++++ Supplied material

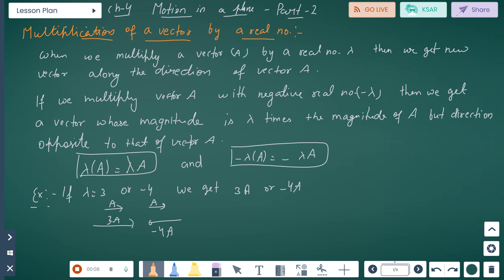In Motion in a Plane, first: multiplication of vectors by a real number. When we multiply a vector, suppose A, by a real number, suppose lambda, then we get a new vector along the direction of vector A — that means it will be in the direction of vector A.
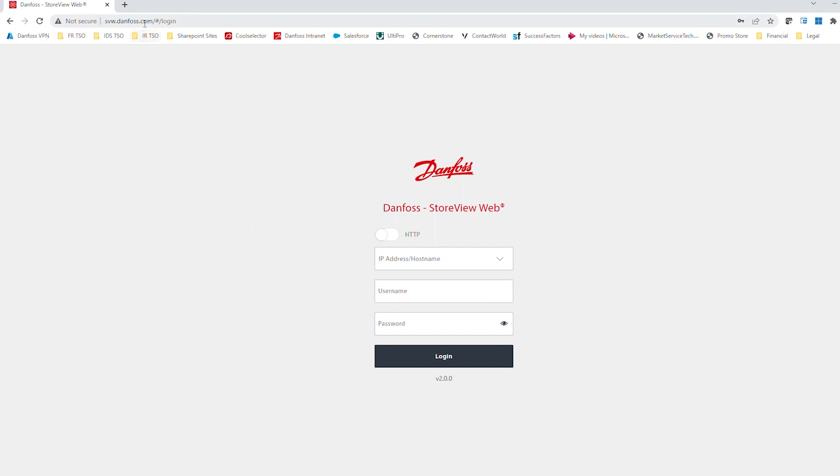To access the tool, you would want to open up a web browser on your PC, this can be Chrome or Edge, and type in the link svw.danfoss.com. That would bring you to the login page that you're seeing here.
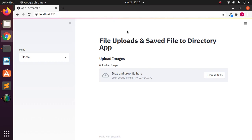Welcome back. In this tutorial we'll be looking at how to save an uploaded file in Streamlit. Some time ago we saw how to handle file uploads in Streamlit — now let's see how to save that uploaded file to a particular directory.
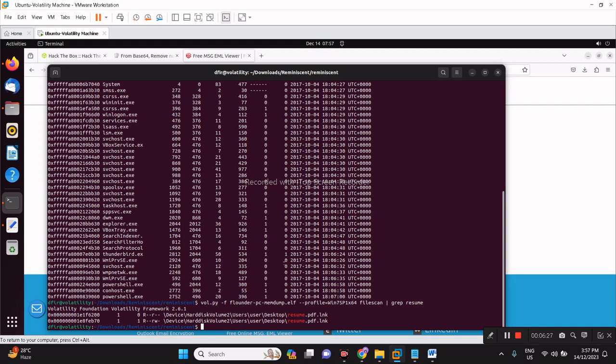As you can see, there were results. It's able to find the resume.pdf. Now we have to dump it. First, let's create a dump directory.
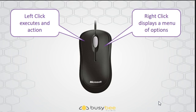Quite simply, if you left click on the mouse, you execute an action. It might be an action like selecting an item or it might be an action like opening an item.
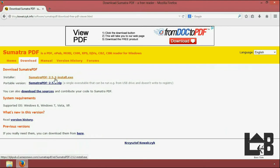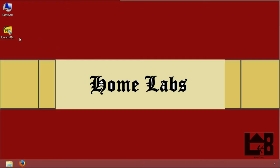Then click on Sumatra PDF 2.5.2 install.exe. I have already saved this file.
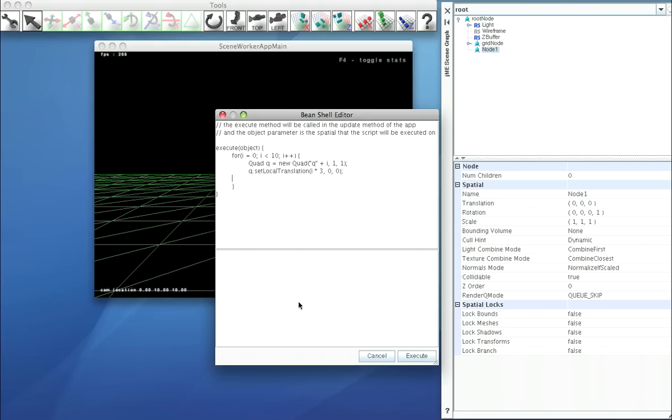And then finally, we'll attach this. Attach child. Attach your quads. So if we try and execute this, we get a class not found in a space.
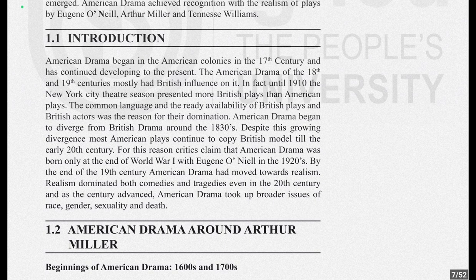Until 1910 — the 20th century — the New York City theatre presented more British plays than American plays. This shows the scope of British drama versus American drama. American drama was not at all popular, and even though New York City is in America, it still presented more British plays than its own indigenous country's plays.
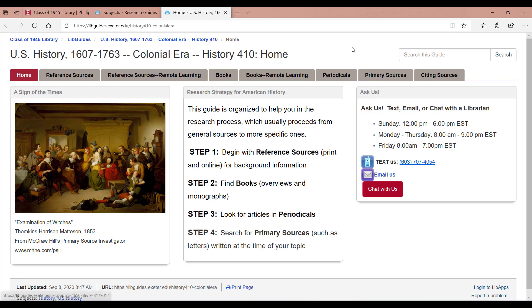Most of the course guides are organized by the type of source, starting with reference sources, and then dive deeper into research with books, periodicals, and primary sources.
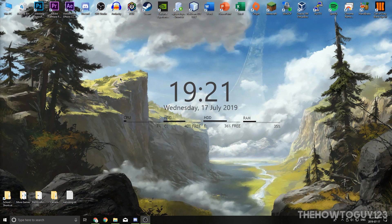Hey guys, it's Kyle with the HowToGuy123 here, and in today's tutorial, I'm going to be teaching you guys how to install Windows XP in VirtualBox.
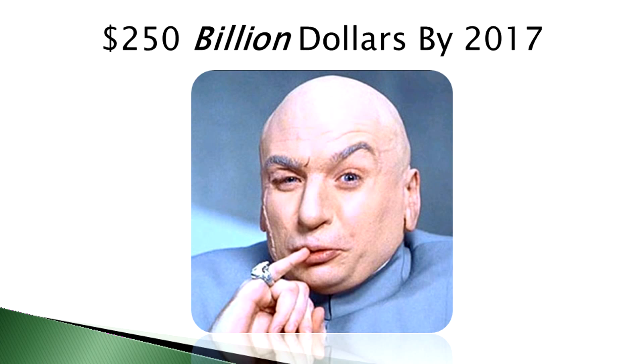Gartner Research has declared that the global cloud market will expand to $250 billion by 2017.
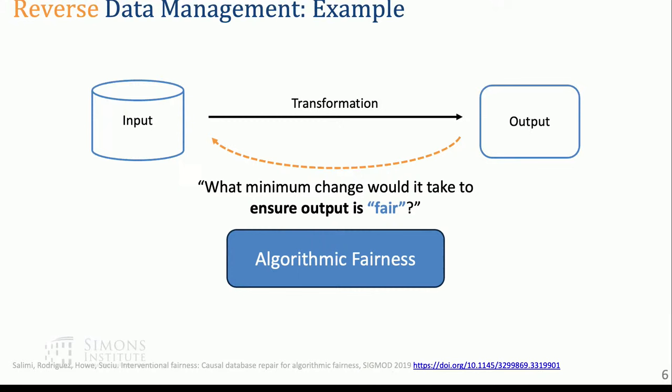Another important problem involves fairness. We get some output, and with different fairness metrics we may want some probability distributions or hard constraints satisfied. We want to check: is the output fair? And if not, how close is it to being fair? This can also be modeled in the reverse data management framework.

++++++++

Problem
The result should be all the records, retyped exactly, with no pictures among them.

Response to the task
In Motion in a Plane, first: multiplication of vectors by a real number. When we multiply a vector, suppose A, by a real number, suppose lambda, then we get a new vector along the direction of vector A — that means it will be in the direction of vector A.
To access the tool, you would want to open up a web browser on your PC, this can be Chrome or Edge, and type in the link svw.danfoss.com. That would bring you to the login page that you're seeing here.
Welcome back. In this tutorial we'll be looking at how to save an uploaded file in Streamlit. Some time ago we saw how to handle file uploads in Streamlit — now let's see how to save that uploaded file to a particular directory.
As you can see, there were results. It's able to find the resume.pdf. Now we have to dump it. First, let's create a dump directory.
Quite simply, if you left click on the mouse, you execute an action. It might be an action like selecting an item or it might be an action like opening an item.
Then click on Sumatra PDF 2.5.2 install.exe. I have already saved this file.
And then finally, we'll attach this. Attach child. Attach your quads. So if we try and execute this, we get a class not found in a space.
Until 1910 — the 20th century — the New York City theatre presented more British plays than American plays. This shows the scope of British drama versus American drama. American drama was not at all popular, and even though New York City is in America, it still presented more British plays than its own indigenous country's plays.
Most of the course guides are organized by the type of source, starting with reference sources, and then dive deeper into research with books, periodicals, and primary sources.
Hey guys, it's Kyle with the HowToGuy123 here, and in today's tutorial, I'm going to be teaching you guys how to install Windows XP in VirtualBox.
Gartner Research has declared that the global cloud market will expand to $250 billion by 2017.
Another important problem involves fairness. We get some output, and with different fairness metrics we may want some probability distributions or hard constraints satisfied. We want to check: is the output fair? And if not, how close is it to being fair? This can also be modeled in the reverse data management framework.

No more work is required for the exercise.